Redshift quantization periods are very accurately represented by the equation \begin{displaymath} P = c2^{-{\frac{9D+T}{9}}}, \end{displaymath} where $c$ is the speed of light, $D$ is a positive integer, and $T$ is an integer from 0 to 8. The $T$ values distinguish nine `period doubling' sequences of the type often associated with turbulent decay in chaos theory. The ninth-root structure may imply an underlying 3-dimensional property for time. Periods are now specified with the same accuracy as $c$.

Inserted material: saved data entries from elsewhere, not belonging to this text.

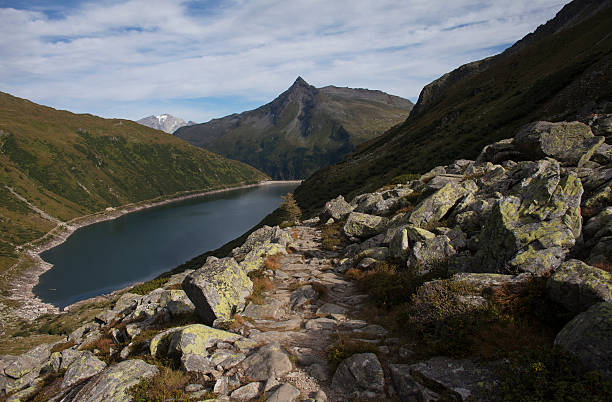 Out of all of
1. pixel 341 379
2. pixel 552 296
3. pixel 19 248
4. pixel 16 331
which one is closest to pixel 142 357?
pixel 341 379

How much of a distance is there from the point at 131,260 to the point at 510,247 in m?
146

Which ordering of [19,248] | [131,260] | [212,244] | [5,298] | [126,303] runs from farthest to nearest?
[19,248] < [212,244] < [131,260] < [5,298] < [126,303]

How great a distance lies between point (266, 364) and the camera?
9.47m

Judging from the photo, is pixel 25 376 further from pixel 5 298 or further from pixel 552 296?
pixel 5 298

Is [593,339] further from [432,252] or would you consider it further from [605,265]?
[432,252]

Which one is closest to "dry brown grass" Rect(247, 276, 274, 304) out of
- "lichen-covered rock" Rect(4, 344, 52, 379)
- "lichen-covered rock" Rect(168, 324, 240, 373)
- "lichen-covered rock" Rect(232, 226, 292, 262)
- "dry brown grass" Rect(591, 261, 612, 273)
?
"lichen-covered rock" Rect(168, 324, 240, 373)

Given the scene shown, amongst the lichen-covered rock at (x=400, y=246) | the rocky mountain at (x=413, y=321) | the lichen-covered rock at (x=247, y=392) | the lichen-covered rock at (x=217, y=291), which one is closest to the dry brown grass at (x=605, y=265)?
the rocky mountain at (x=413, y=321)

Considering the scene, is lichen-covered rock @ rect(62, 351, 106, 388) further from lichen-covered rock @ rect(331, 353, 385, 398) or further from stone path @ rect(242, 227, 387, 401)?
lichen-covered rock @ rect(331, 353, 385, 398)

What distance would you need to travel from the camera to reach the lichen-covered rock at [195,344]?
9.77 m

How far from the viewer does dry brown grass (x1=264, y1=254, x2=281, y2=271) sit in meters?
19.9

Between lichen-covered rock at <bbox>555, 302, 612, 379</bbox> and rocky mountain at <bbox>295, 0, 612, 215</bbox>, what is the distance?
143 ft

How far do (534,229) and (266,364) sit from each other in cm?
1125

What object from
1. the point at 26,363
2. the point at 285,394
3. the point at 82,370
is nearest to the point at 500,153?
the point at 285,394

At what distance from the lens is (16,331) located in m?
82.0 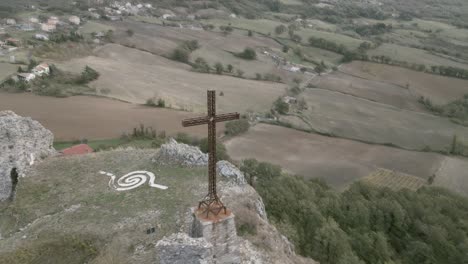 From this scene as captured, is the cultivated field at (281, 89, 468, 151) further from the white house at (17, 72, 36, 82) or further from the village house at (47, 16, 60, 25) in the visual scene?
the village house at (47, 16, 60, 25)

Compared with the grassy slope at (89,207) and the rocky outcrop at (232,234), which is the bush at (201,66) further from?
the rocky outcrop at (232,234)

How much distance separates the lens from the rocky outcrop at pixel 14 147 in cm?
2655

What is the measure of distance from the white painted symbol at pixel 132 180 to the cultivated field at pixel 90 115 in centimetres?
2837

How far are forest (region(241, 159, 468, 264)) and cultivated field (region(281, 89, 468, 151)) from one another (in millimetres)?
24079

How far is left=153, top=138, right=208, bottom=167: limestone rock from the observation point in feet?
93.8

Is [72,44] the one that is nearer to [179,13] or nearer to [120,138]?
[120,138]

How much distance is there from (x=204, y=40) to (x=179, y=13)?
173ft

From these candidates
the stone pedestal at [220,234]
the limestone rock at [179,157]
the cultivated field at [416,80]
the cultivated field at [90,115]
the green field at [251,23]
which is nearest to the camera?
the stone pedestal at [220,234]

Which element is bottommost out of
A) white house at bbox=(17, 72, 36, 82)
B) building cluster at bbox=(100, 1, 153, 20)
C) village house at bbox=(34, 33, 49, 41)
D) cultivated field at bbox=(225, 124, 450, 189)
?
cultivated field at bbox=(225, 124, 450, 189)

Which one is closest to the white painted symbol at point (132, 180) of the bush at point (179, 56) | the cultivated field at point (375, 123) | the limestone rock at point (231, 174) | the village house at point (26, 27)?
the limestone rock at point (231, 174)

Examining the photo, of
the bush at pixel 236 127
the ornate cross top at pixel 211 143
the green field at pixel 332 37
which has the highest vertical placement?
the ornate cross top at pixel 211 143

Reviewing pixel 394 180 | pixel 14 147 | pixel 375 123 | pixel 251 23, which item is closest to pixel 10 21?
pixel 251 23

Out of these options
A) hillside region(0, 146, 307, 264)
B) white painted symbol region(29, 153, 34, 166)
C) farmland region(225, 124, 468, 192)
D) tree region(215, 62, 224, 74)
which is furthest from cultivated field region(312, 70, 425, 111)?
white painted symbol region(29, 153, 34, 166)

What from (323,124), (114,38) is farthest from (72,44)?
(323,124) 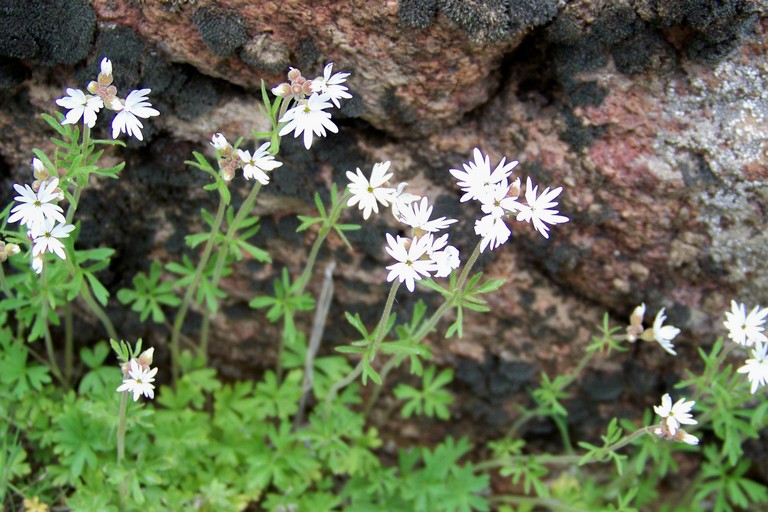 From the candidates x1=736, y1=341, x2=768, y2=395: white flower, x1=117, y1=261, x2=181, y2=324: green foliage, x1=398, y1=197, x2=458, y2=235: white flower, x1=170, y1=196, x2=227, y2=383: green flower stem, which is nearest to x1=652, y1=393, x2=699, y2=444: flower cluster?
x1=736, y1=341, x2=768, y2=395: white flower

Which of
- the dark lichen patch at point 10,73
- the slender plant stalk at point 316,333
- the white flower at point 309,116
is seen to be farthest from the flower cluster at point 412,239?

Many redshift samples, and redshift variation patterns, fit the periodicity rule very closely when redshifts are referred to the Cosmic Background rest frame. The most prominent periods fall in the $T = 0$ doubling sequence which includes 146.38, 73.19, and 36.60 km s$^{-1}$, values which match previous empirical determinations. Other common periods match segments of the $T = 6$ series. When phased together using the periodicity rule and a cosmological transformation \begin{displaymath} V_{corr} = 4c\left[ (1+z)^{\frac{1}{4}} - 1\right], \end{displaymath} redshifts concentrate at zero or simple basic fractions of absolute phase. Neither phase nor periods are arbitrary in this representation.